Akhirnya, ujar Gusmawi, untuk mencegah kemarahan warga serta tidak menambah dosa warga lainnya dibulan suci ramadhan karena sibuk menggunjing (cemooh) dia, pihaknya menghubungi tim gugus tugas kabupaten menjemput yang bersangkutan untuk dibawa ke tempat karantina.

Menurutnya, langkah tegas ini diambil supaya ada efek jera kepada masyarakat lainnya yang baru pulang ke kampung halaman agar mematuhi aturan protokol kesehatan menjalani isolasi mandiri selama 14 hari dirumah.

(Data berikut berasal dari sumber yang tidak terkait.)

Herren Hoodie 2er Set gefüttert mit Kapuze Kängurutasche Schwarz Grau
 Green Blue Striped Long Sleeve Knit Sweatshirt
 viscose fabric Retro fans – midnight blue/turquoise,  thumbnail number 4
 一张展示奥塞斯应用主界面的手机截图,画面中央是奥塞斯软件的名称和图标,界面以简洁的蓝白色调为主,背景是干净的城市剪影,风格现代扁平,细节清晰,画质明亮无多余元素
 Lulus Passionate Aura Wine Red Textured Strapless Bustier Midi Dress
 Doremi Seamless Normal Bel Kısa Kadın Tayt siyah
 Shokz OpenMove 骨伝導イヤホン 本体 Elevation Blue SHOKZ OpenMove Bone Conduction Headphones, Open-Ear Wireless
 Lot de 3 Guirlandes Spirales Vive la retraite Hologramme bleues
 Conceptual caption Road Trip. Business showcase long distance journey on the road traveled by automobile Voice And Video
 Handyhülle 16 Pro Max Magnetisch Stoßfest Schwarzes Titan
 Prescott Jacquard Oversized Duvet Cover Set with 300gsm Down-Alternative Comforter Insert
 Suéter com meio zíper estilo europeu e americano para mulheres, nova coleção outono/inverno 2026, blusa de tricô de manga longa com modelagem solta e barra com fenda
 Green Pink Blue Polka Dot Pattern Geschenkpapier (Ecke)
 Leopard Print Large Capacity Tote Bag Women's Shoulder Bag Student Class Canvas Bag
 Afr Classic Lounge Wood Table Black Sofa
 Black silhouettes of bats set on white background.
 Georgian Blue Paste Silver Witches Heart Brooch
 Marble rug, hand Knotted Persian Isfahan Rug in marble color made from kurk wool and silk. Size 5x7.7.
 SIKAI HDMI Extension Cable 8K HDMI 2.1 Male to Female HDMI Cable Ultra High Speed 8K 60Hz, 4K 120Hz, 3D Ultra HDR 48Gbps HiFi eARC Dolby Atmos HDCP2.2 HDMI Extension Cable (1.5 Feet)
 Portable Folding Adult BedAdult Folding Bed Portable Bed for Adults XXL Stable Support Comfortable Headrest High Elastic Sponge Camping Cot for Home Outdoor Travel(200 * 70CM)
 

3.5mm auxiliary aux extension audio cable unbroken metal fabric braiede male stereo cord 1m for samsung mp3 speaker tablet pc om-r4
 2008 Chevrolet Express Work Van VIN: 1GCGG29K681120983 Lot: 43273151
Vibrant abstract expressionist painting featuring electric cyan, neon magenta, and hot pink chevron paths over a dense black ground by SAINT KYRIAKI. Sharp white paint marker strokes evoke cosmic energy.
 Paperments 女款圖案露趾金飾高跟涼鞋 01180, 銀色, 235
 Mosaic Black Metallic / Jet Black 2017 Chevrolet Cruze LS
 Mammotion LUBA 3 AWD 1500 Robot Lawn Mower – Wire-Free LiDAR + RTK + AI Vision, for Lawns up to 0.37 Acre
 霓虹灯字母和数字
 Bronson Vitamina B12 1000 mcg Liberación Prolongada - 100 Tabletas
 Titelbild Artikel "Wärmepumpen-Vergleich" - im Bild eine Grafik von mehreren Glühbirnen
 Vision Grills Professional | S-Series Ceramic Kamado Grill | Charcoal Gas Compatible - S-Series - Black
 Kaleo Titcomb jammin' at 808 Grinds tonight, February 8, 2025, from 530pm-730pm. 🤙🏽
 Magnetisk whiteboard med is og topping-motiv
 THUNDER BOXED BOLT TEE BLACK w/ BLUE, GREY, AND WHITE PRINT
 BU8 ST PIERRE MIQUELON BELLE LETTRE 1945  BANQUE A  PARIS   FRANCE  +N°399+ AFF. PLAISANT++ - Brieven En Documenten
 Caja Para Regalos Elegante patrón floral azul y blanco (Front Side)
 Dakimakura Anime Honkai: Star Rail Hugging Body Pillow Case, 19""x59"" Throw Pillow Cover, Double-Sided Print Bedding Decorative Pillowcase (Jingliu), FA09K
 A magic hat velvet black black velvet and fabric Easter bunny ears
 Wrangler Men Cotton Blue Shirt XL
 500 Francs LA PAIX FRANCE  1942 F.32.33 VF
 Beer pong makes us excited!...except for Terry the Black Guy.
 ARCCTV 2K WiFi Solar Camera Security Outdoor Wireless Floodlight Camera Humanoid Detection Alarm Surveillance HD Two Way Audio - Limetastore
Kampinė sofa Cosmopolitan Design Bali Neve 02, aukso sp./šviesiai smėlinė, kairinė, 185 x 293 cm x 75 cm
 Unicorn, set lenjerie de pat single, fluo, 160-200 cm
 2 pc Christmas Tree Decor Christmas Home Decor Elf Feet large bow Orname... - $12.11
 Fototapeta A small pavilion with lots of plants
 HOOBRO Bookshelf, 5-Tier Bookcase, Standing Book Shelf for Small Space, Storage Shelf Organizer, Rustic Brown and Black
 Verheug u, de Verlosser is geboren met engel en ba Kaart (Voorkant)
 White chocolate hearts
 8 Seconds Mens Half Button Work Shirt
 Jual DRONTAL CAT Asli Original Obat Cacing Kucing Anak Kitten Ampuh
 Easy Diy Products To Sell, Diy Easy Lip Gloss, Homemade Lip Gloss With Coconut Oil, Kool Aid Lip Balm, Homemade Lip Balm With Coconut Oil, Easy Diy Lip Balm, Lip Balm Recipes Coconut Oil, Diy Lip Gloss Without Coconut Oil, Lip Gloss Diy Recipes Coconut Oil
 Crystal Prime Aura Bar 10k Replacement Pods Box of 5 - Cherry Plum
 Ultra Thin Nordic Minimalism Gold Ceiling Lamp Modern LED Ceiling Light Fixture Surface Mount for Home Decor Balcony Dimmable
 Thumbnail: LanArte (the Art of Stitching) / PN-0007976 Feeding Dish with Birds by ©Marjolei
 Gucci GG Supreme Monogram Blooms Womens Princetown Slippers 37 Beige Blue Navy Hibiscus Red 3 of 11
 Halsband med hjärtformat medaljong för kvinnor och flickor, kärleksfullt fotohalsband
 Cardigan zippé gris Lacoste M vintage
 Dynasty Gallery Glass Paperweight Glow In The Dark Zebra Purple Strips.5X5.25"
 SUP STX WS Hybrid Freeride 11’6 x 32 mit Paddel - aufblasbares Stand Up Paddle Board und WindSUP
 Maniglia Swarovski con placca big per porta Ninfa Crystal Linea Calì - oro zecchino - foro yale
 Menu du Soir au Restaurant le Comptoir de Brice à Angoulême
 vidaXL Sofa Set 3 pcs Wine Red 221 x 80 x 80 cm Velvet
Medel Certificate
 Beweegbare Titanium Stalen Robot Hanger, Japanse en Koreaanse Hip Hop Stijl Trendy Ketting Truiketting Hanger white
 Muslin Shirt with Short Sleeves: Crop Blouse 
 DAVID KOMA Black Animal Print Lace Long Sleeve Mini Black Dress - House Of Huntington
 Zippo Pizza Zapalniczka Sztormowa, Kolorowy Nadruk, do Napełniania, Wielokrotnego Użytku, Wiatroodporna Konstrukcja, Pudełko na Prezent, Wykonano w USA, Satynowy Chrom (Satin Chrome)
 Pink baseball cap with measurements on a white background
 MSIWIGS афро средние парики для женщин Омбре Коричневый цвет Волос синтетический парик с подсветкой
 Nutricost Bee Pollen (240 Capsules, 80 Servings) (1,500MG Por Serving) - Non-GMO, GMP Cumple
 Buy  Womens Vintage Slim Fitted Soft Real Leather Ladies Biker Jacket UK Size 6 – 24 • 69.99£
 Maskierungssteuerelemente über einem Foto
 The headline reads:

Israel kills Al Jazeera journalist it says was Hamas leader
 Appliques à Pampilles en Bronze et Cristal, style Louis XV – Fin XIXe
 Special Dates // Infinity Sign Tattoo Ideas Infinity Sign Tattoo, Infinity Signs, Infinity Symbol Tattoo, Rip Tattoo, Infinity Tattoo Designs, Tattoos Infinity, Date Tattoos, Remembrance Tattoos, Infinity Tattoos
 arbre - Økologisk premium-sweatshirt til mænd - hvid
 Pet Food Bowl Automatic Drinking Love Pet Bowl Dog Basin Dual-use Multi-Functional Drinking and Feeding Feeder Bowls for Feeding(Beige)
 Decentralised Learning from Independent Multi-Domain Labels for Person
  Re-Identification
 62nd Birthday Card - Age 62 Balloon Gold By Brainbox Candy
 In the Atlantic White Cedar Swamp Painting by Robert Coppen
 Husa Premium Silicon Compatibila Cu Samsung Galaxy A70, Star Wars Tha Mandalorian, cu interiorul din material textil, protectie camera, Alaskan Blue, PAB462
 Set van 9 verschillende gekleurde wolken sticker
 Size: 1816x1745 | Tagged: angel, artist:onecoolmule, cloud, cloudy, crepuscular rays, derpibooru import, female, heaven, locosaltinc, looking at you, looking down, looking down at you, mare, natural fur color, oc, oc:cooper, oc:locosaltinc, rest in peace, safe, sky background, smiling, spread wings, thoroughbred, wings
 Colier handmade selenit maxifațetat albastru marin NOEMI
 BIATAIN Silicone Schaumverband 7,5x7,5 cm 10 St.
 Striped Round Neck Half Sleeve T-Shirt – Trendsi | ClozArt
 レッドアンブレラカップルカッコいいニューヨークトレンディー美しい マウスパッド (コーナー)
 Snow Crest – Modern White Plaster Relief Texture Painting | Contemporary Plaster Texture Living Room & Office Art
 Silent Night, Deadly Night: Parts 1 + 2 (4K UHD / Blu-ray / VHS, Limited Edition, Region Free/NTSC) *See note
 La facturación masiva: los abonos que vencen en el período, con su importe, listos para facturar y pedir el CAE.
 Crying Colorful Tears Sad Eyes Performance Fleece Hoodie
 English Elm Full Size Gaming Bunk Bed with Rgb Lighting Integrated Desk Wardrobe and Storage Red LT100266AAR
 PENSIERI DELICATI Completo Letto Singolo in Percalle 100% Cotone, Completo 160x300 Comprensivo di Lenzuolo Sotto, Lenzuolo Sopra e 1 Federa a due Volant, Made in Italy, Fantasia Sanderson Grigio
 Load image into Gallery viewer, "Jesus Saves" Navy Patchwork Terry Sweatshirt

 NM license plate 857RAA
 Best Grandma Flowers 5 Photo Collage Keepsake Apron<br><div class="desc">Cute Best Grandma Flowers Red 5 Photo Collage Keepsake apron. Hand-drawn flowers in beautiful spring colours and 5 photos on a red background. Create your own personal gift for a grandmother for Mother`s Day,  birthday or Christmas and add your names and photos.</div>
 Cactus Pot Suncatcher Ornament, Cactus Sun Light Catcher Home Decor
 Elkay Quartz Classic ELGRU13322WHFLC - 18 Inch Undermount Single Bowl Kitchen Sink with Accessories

“Kami berharap kejadian ini dapat menjadi pembelajaran bagi warga lainnya. Tapi jika masih ada juga warga perantauan yang baru pulang kampung tak mematuhi aturan, kami pastikan akan menghubungi lagi tim gugus kabupaten untuk dibawa ke tempat karantina,” tegasnya.

Pemeriksaan Rapid Test

Sementara, Plt. Kadiskes yang juga Ketua Bidang Penanganan Medis Tim Gugus Tugas Covid-19 Kabupaten Aceh Selatan, Novi Rosmita S.E,M.Kes, yang dimintai konfirmasi secara terpisah membenarkan bahwa pihaknya telah menjemput satu warga di Labuhanhaji karena tidak disiplin menjalani isolasi mandiri dirumahnya, padahal baru 7 hari tiba dari Kalimantan.

“Saat ini posisi yang bersangkutan masih di sana (tempat pusat edukasi/pra-karantina Panjupian-red). Pagi ini (Minggu pagi-red), sudah dilakukan penyelidikan epidemiologi dan rapid test dengan hasilnya sejauh ini masih negatif,” pungkas Novi.